** Opening The data block **
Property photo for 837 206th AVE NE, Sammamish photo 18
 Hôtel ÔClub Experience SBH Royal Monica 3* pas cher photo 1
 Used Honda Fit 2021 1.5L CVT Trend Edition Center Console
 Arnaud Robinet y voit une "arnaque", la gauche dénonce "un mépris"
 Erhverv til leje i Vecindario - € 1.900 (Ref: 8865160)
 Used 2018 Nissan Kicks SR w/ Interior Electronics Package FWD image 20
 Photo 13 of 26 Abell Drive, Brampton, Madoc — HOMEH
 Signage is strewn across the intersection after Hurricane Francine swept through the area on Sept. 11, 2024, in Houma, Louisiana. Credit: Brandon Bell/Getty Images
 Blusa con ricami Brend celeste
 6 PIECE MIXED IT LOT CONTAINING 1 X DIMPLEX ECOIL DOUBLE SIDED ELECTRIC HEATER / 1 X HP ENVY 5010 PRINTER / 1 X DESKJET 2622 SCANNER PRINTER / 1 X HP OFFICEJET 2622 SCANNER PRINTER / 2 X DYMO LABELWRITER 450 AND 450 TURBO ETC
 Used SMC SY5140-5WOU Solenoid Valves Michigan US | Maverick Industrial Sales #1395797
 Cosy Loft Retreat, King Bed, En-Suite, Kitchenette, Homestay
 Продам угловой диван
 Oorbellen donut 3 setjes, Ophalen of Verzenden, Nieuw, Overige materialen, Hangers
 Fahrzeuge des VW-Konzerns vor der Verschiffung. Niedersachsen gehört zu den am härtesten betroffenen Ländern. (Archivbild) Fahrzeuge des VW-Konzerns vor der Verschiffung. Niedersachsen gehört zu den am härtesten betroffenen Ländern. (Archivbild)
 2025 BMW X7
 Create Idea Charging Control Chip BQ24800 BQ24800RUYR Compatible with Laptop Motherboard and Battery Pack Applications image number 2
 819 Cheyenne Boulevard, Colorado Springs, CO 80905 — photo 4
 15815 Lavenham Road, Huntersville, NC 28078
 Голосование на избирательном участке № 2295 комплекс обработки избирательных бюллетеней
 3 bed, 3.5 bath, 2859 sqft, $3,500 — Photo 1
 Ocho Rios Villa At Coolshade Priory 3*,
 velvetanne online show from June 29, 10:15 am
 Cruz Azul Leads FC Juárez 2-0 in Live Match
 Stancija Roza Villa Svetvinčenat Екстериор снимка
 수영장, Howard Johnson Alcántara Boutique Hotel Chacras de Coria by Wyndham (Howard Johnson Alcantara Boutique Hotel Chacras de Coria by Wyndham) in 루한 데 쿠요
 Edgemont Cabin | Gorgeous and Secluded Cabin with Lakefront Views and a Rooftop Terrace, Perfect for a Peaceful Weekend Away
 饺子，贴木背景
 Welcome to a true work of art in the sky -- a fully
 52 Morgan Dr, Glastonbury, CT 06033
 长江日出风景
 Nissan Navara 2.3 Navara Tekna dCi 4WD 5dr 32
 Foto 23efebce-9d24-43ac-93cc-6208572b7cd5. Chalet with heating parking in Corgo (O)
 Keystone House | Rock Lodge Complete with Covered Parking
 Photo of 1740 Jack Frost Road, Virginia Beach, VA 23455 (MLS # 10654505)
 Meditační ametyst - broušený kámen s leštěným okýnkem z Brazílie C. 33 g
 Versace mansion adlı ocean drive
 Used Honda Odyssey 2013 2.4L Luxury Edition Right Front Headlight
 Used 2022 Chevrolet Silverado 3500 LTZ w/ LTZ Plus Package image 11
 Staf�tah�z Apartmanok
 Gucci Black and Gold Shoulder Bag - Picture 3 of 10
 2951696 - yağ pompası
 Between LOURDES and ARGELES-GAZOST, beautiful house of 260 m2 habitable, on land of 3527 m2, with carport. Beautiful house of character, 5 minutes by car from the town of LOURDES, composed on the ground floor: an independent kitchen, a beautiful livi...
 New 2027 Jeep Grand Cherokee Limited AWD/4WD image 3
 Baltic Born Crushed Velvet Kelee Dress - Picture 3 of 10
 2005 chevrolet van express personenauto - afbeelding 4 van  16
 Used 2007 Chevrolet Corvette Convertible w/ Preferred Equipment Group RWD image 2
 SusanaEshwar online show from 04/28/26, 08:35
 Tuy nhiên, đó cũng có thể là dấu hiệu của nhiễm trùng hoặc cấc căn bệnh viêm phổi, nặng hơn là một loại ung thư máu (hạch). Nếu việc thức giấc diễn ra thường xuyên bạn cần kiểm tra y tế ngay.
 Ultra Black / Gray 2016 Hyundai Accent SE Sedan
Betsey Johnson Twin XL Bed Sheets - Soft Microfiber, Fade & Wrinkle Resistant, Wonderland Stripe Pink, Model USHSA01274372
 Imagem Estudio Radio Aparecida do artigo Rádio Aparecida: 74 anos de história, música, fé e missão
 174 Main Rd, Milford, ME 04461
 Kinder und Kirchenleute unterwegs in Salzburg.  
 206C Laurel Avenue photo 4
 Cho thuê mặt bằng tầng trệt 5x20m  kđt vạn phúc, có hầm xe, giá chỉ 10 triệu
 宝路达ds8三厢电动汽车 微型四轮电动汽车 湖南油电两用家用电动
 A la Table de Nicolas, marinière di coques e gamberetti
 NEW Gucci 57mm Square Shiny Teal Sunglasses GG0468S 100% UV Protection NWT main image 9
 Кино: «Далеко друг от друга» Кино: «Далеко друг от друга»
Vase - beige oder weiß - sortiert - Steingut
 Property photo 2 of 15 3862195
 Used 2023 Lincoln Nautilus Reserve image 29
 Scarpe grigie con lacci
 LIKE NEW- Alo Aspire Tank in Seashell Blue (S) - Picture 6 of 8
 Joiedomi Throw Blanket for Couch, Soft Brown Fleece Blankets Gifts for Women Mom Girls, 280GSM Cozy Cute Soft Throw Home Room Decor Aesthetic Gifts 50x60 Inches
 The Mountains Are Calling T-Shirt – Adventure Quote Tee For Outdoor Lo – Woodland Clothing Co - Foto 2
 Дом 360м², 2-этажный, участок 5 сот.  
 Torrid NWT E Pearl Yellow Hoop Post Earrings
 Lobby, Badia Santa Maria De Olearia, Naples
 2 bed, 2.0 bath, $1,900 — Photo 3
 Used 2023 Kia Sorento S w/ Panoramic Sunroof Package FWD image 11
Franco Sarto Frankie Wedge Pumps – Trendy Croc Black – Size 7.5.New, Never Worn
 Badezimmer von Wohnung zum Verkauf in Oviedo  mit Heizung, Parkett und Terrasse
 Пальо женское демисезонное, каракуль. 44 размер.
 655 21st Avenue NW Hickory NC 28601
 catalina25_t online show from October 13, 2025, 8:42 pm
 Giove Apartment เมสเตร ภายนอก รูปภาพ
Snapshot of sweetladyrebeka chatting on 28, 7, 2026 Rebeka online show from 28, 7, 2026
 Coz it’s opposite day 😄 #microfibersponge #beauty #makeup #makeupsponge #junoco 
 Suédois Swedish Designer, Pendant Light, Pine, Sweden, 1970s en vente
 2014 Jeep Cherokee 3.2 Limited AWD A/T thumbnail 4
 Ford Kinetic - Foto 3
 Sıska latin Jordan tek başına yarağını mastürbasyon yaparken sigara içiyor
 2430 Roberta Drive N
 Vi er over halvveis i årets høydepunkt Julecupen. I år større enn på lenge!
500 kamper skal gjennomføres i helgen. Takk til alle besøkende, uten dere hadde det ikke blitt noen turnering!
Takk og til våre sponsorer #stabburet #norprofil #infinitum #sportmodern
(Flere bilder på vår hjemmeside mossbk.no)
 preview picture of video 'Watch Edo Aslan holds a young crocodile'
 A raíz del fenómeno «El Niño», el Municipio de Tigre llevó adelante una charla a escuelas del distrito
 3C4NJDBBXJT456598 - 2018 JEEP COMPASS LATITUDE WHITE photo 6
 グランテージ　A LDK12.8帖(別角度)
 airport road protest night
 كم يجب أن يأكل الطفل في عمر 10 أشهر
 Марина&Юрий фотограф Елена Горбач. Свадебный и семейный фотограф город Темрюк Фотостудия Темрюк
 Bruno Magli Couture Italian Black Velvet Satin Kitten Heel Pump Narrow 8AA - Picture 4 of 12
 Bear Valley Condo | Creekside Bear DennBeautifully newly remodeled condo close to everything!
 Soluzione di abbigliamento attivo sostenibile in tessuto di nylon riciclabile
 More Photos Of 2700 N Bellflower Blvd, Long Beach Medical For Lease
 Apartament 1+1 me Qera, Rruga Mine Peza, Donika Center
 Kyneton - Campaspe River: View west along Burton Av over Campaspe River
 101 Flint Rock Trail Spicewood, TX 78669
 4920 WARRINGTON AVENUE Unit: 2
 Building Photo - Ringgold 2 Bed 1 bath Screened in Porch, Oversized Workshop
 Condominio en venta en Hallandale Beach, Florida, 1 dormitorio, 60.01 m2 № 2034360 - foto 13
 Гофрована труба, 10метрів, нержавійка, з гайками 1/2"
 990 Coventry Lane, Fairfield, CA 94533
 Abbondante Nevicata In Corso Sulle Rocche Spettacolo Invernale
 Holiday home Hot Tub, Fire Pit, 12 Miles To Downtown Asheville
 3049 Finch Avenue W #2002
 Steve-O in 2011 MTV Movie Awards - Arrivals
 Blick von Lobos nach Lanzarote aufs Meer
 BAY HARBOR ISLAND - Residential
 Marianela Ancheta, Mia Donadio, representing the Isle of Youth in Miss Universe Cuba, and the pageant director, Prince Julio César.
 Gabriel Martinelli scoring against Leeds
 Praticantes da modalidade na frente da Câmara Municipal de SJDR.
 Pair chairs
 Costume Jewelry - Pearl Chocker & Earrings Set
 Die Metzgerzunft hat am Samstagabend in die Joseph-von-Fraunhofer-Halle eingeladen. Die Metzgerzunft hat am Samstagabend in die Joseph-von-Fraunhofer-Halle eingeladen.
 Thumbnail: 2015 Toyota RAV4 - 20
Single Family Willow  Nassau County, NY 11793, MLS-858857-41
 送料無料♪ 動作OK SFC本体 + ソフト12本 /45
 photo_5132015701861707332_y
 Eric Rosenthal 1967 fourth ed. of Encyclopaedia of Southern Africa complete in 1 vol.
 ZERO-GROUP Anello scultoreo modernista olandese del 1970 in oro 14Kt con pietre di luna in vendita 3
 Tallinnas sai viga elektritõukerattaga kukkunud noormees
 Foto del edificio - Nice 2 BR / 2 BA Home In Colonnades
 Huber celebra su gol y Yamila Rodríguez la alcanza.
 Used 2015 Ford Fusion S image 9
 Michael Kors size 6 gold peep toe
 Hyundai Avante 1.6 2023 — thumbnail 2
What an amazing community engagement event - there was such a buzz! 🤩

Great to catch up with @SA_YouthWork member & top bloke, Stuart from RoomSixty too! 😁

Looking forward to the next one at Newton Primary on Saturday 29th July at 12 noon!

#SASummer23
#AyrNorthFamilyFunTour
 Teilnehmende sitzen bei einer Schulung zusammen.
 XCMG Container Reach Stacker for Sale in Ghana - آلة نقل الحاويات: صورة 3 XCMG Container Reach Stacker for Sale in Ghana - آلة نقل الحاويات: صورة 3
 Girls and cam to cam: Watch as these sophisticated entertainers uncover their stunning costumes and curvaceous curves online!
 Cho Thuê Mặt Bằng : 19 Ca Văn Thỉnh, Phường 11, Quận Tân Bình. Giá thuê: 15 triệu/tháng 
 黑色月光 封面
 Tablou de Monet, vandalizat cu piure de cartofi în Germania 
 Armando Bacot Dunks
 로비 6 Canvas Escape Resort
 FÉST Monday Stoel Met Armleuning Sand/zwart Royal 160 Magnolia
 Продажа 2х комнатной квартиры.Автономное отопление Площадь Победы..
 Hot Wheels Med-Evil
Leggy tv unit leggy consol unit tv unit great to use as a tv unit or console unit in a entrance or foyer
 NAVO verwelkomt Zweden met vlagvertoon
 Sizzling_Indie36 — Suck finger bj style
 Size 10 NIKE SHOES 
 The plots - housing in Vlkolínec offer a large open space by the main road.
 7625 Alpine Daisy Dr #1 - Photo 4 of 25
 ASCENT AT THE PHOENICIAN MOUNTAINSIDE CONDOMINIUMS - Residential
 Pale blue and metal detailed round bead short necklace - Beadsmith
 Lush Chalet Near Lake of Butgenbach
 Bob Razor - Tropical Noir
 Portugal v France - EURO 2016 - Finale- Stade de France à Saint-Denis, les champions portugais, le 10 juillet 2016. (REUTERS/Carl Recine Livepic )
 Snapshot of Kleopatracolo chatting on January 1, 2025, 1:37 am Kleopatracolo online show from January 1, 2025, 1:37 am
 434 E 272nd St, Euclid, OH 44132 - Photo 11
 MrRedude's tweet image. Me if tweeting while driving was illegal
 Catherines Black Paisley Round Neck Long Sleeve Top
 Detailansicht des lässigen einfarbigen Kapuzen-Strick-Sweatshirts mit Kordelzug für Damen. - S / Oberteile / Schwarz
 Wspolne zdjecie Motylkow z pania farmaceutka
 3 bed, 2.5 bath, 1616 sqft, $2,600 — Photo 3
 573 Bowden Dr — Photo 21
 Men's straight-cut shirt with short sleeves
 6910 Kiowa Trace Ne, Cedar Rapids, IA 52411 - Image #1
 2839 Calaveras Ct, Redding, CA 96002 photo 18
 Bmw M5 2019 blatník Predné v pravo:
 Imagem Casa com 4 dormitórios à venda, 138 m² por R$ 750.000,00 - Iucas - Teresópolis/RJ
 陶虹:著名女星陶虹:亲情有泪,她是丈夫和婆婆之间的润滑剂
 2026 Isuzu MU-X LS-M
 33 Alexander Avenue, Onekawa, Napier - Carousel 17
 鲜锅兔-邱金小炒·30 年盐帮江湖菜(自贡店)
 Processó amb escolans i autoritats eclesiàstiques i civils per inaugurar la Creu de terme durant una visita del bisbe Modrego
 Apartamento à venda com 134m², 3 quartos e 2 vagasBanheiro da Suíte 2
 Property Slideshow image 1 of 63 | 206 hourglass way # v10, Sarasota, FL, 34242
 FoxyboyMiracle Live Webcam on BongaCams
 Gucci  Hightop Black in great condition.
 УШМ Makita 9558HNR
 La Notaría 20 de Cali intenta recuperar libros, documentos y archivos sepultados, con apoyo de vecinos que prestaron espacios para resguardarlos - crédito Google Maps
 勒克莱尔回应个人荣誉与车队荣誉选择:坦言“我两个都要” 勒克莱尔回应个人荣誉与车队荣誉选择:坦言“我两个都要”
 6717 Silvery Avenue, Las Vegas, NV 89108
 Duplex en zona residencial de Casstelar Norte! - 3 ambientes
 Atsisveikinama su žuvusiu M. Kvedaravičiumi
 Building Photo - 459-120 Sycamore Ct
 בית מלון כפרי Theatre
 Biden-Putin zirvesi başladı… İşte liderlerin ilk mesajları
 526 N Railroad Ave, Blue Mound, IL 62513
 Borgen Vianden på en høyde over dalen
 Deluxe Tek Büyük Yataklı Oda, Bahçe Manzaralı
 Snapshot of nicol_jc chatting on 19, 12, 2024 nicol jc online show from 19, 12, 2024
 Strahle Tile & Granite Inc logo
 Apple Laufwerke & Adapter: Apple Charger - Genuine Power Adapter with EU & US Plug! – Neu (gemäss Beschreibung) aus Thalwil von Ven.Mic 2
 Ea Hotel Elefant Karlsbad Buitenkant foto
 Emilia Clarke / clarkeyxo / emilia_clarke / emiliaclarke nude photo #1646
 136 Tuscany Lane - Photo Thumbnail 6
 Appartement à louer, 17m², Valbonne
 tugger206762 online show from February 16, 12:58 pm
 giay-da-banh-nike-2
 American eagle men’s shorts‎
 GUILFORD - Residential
** Closing The data block **
== Aim of the task ==
Reproduce, character for character, only the lines of the preceding data that start at the line with "3049 Finch Avenue W #2002" and end at the line with "Thumbnail: 2015 Toyota RAV4 - 20", both included.

== Response for this exercise ==
 3049 Finch Avenue W #2002
 Steve-O in 2011 MTV Movie Awards - Arrivals
 Blick von Lobos nach Lanzarote aufs Meer
 BAY HARBOR ISLAND - Residential
 Marianela Ancheta, Mia Donadio, representing the Isle of Youth in Miss Universe Cuba, and the pageant director, Prince Julio César.
 Gabriel Martinelli scoring against Leeds
 Praticantes da modalidade na frente da Câmara Municipal de SJDR.
 Pair chairs
 Costume Jewelry - Pearl Chocker & Earrings Set
 Die Metzgerzunft hat am Samstagabend in die Joseph-von-Fraunhofer-Halle eingeladen. Die Metzgerzunft hat am Samstagabend in die Joseph-von-Fraunhofer-Halle eingeladen.
 Thumbnail: 2015 Toyota RAV4 - 20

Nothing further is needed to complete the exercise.